SIMPLE is basically a deep reinforcement learning framework to learn board games. This framework was used as an "oracle" for training the network on Chess in order to fnd the optimal move.
- Acquire dataset 2 from https://www.ai.rug.nl/~mwiering/GROUP/ARTICLES/ICPRAM_CHESS_DNN_2018.pdf. Transform each position in the database from a chessboard to a 64x1 vector. Each item should be the ID of a piece. There should be 13 IDs in total (Pawn, Knight, Bishop, Rook, Queen, King for both White and Black = 12, plus one more for empty).
- One-hot encode. This should transform the 64x1 vector into a 64x13 vector. Make sure the empty squares get the ID of 0, this is important for experiment 1.2.
- Create a neural net with similar architecture to the given paper. Use only Dataset 2- this has an input of a board, and output of a numerical value (called "cp" in the paper) that categorizes into one of 15 different labels, section 3.1 of the paper talks about this. Input should be the 64x13 vector, output should be a number. The key difference here is that we need to first include an initial layer that will transform the 64x13 vector into a 64x8 vector; this is our embedding layer. It should just be a normal Conv2D, I think.
- Train for however many epochs it takes to get within 10% of the paper's accuracy.
- SAVE THE MODEL
- Figure out how to load each game environment into SIMPLE.
- Train SIMPLE on each board game over X iterations (I think 150 seems reasonable right now) and save the policies.
- Use SIMPLE to generate a set of 20 random midgame states for each game.
- Bootstrap SIMPLE to play out the game from each position. Have SIMPLE play out each position 100 times, and calculate the win rate for each position.
- Normalize the winrate for each position into the range (-3, 3). Bucket them in the same way that the paper from Experiment 1.1 buckets them (read section 3.1 of the paper for explanation). The buckets will be our output. In the end, we should have 20 positions, each with a corresponding numerical evaluation classification. The positions will again get one-hot encoded into a 64x13 vector, with empty squares as ID = 0. Note that we won't be using all 13 IDs for most games, since only chess has that many, but we still need to one-hot encode to this size to maintain the neural net architecture. Overall,
- Take the saved model from Experiment 1.1. Freeze every layer but the initial layer (the embedding layer) and the final layer. Train on the small dataset. Record evaluation percentages.
- Do the same thing, but don't start with the saved model; train from scratch with the same number of data positions.
In Experiments 1.1 and 1.2, for the final project we'll be ablating over the performance metric that we use. Currently, we're using the win rate for each position as the performance metric, but hopefully in the final project we'll be able to change that to something a little more sophisticated.

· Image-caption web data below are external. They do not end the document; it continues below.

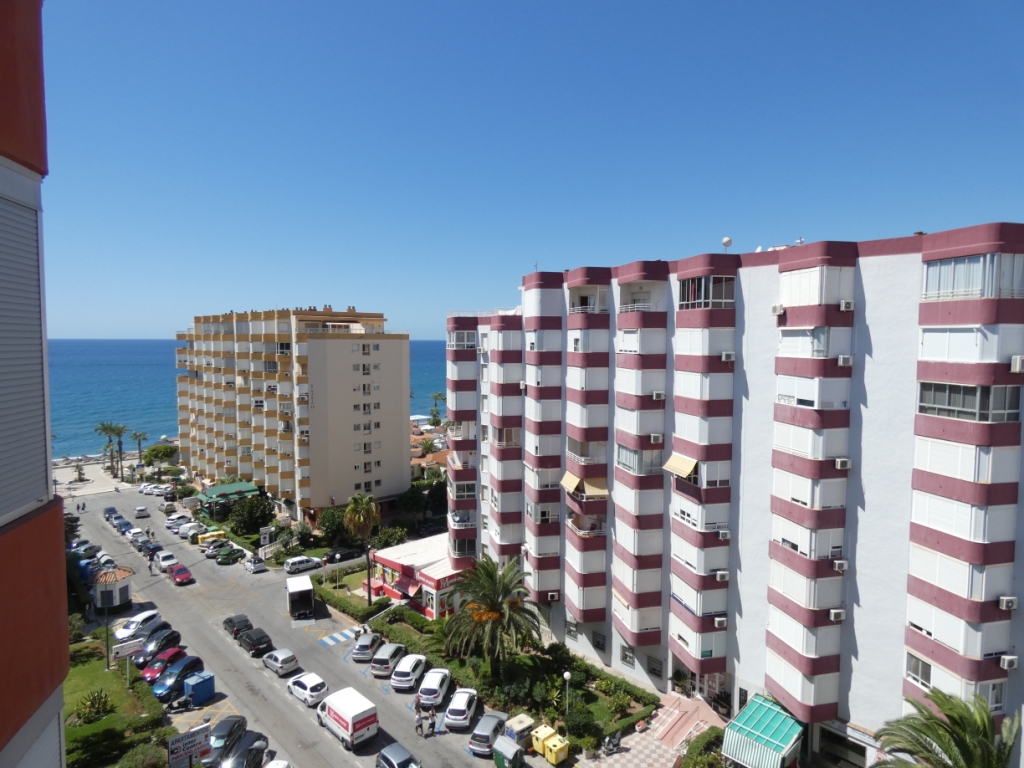 Nice and modern studio with sea views (downtown)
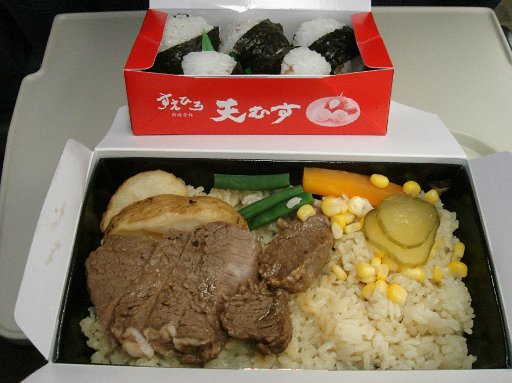 DSC07706.JPG - �[�H�͐V���w�Ŕ��������ٓ��ł��B�X�e�[�L�ٓ��ƓV�ނ��B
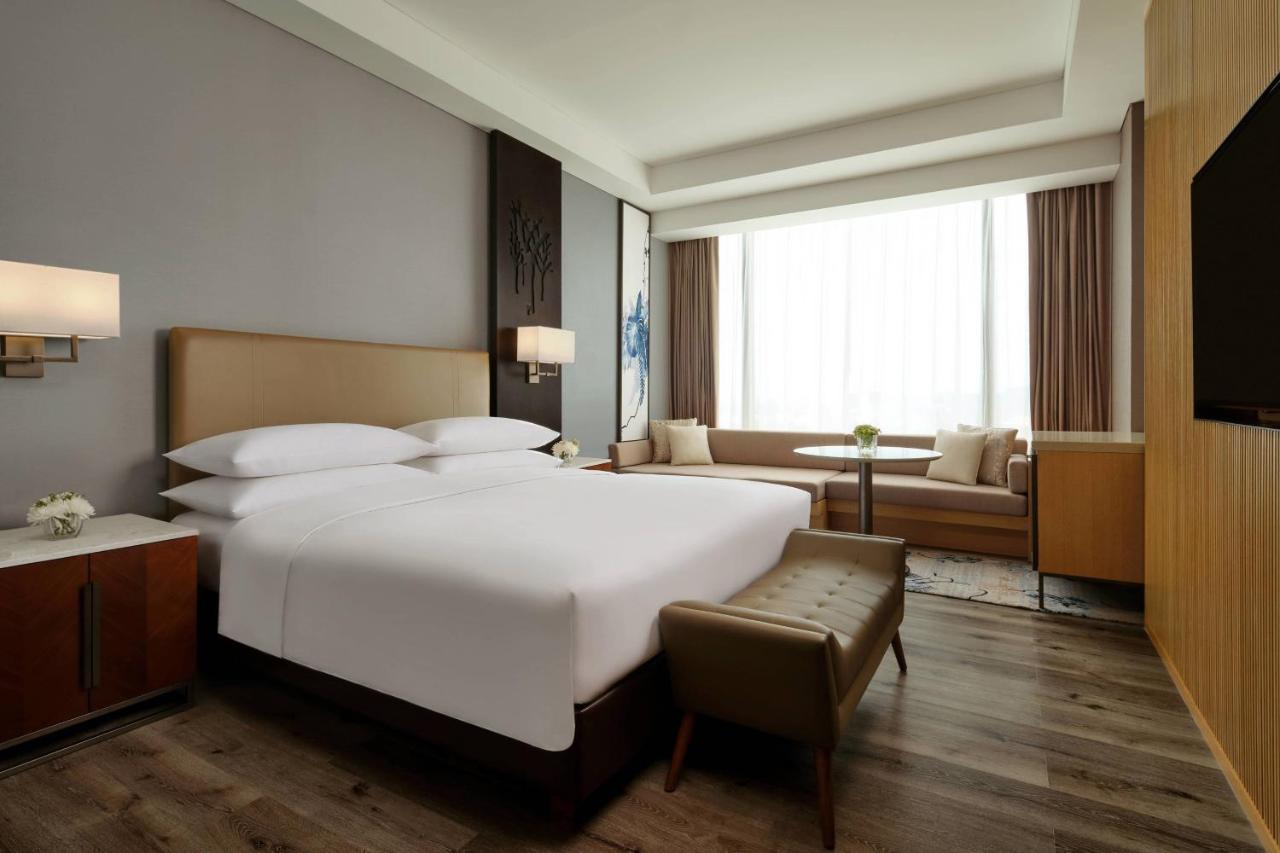 Batam Marriott Hotel Harbour Bay Nagoya Dış mekan fotoğraf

The idea for this is basically the same as the previous experiments; the difference is that instead of few-shot learning from chess to other games, we'll be many-shot learning from other games to chess, since chess has an abundance of data that we can just abuse. The pre-training on other games should make less and less difference as we increase the number of shots taken to learn chess. Here, since we have a preset performance metric (Stockfish), we don't ablate over the performance metric. Instead, we ablate over the number of shots taken.
- Train SIMPLE on each board game we have configured. Record training time.
- Use the learned SIMPLE agent to generate data. For each position we generate, we can have SIMPLE play games itself from that position. The move predicted from that position is the the output of our neural net.
- Train neural networks to predict the numerical value given the position. We will try a) training from scratch, and b) transfer learning. For now, we should probably just stick to training from scratch. Inputs will be board state, with pieces encoded as one-hot encoders. Each neural net will have an initial layer that's unfrozen, which will act as the encoder/embedding layer. The output for the milestone should be a move. This may be challenging since the action space differs based on the board state.
- We only have concrete data on the best move for chess. Therefore, our base neural nets will be trained on (input, output) = (position, SIMPLE prediction) for non-chess games and fine-tuned on chess for testing.
- Figure out positional encodings? simultaneous task learning?
- Antichess game environment
- Figure out how to load existing game environments into SIMPLE
- Figure out how to bootstrap semi-played positions into SIMPLE
- Recreate results from https://www.ai.rug.nl/~mwiering/GROUP/ARTICLES/ICPRAM_CHESS_DNN_2018.pdf
- Generate data for Connect 4/Stratego- needs SIMPLE to be bootstrapped first.
- Chess game environment
- Checkers game environment
- Connect-4 game environment
- Discussion with Eric (Ian)
- Minimax + Alpha Beta Pruning skeleton
- GameTree Data Structure
- Added Chess position evaluation CNN to benji branch
- Chess doesn't have en passant or promotion choice enabled (always queen). Isn't super necessary at the moment.
- Stratego reserved for a later date when I have had some sleep and have the mental capacity to code it because it's arguably more coding than chess.